▶ _INFORMATION PROVIDED_:

======

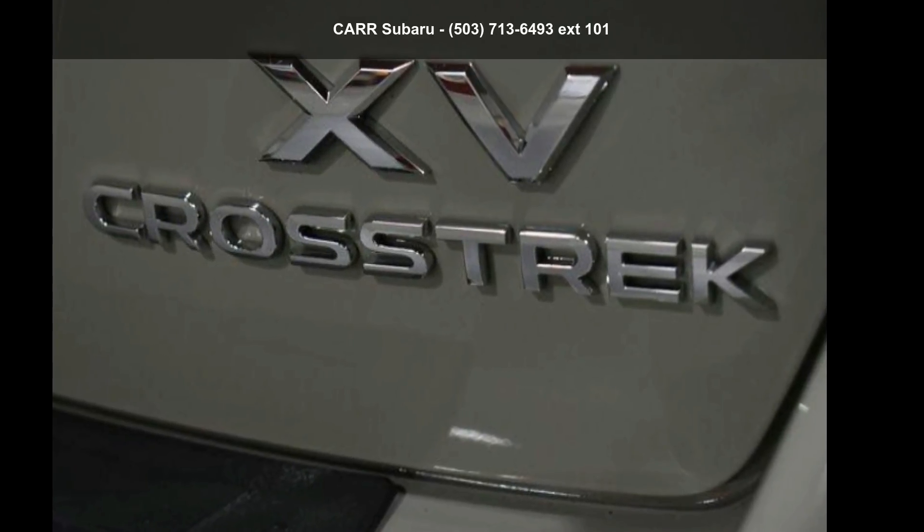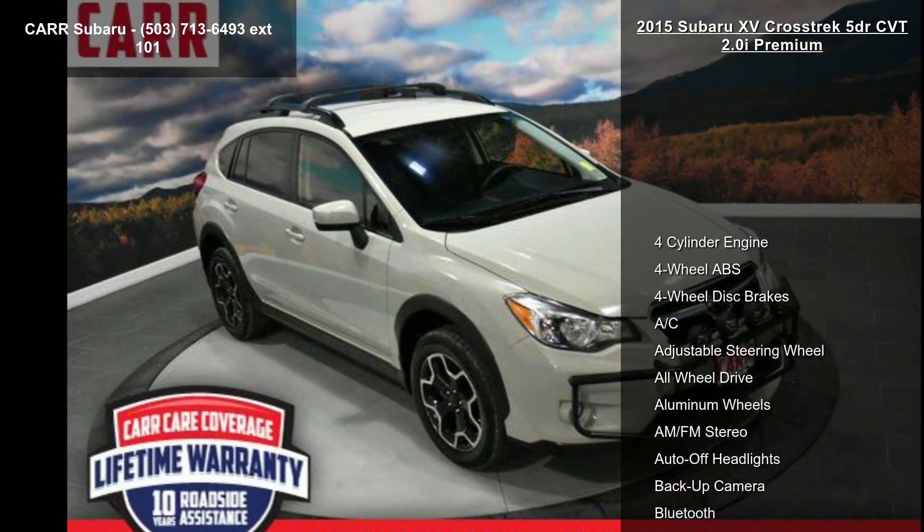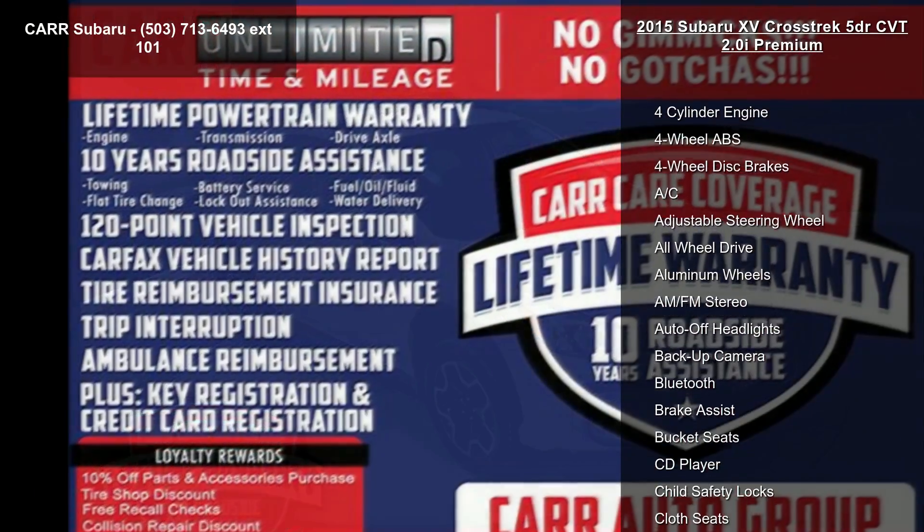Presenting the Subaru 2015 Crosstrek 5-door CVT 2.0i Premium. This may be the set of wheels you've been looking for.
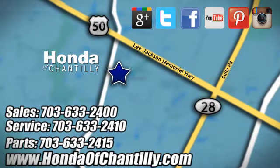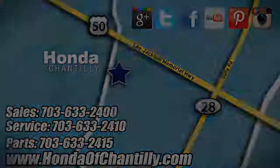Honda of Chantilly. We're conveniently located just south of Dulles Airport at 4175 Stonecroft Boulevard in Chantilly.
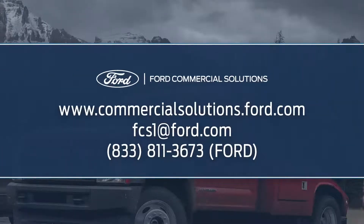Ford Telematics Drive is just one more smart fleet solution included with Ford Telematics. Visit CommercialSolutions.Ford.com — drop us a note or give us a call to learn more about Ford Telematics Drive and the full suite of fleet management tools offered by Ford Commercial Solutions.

======

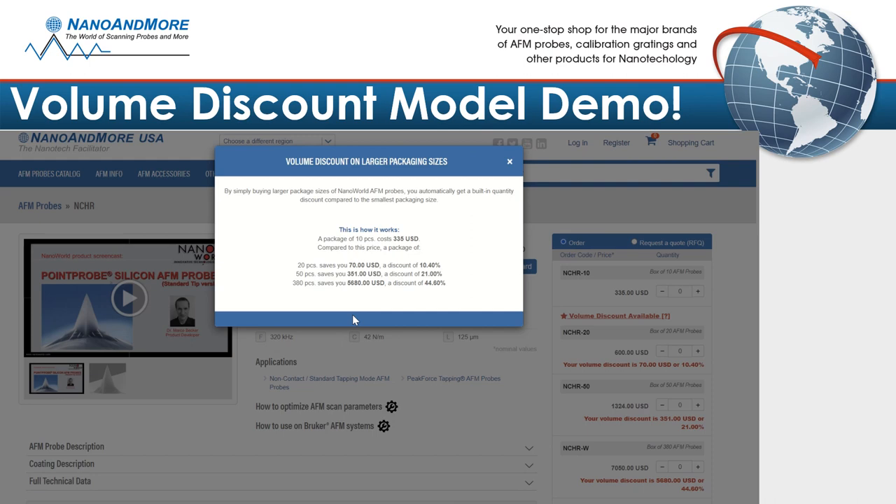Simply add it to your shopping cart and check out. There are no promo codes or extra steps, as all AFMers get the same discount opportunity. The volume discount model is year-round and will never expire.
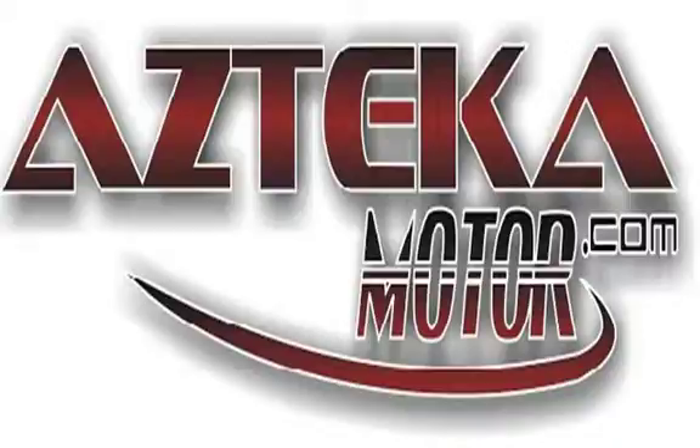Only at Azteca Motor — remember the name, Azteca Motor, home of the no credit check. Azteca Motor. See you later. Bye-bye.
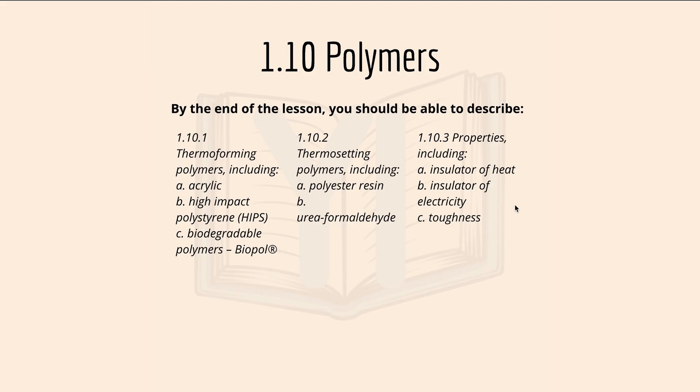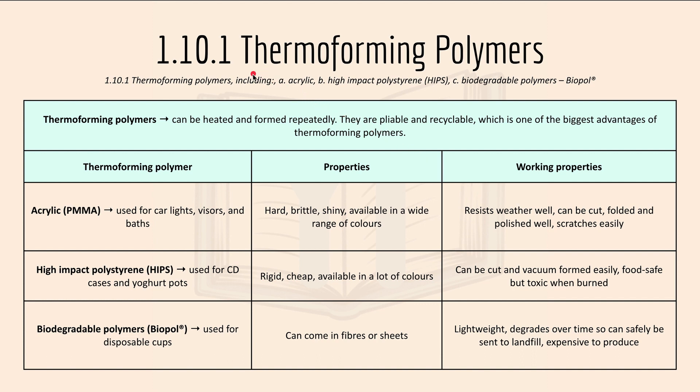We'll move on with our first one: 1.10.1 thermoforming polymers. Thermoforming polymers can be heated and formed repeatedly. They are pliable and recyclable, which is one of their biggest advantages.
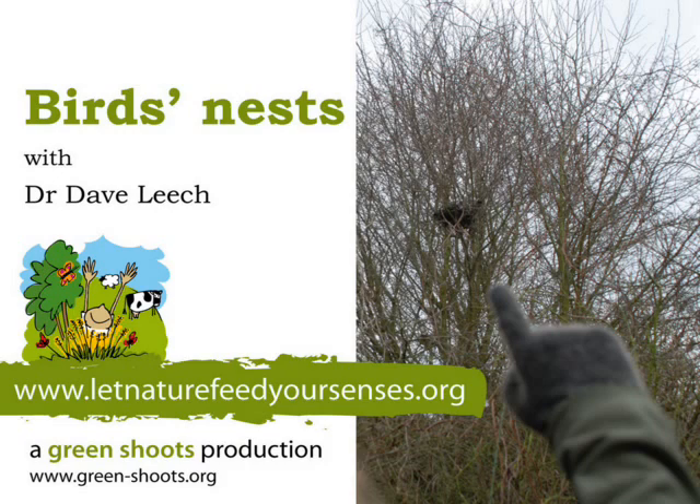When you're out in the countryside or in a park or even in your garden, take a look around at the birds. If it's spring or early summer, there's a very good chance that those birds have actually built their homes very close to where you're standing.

======

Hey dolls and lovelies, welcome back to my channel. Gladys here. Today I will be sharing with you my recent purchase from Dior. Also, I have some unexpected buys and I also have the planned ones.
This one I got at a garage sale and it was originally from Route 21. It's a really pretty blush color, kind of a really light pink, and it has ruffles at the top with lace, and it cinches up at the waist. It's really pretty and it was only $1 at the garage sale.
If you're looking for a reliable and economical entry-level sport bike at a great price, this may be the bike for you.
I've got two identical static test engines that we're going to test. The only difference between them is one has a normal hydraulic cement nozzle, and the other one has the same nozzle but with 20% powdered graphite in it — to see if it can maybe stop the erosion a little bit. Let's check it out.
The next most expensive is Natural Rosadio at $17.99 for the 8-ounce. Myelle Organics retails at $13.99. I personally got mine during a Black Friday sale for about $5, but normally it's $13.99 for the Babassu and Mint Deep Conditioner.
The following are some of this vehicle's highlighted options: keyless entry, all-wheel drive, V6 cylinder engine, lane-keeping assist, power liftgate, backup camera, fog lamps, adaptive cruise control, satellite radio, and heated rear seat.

======

▶ _TASK TO COMPLETE_: From the records above, copy each line where the word "entry" can be found.

▶ _WRITTEN REPLY_:
If you're looking for a reliable and economical entry-level sport bike at a great price, this may be the bike for you.
The following are some of this vehicle's highlighted options: keyless entry, all-wheel drive, V6 cylinder engine, lane-keeping assist, power liftgate, backup camera, fog lamps, adaptive cruise control, satellite radio, and heated rear seat.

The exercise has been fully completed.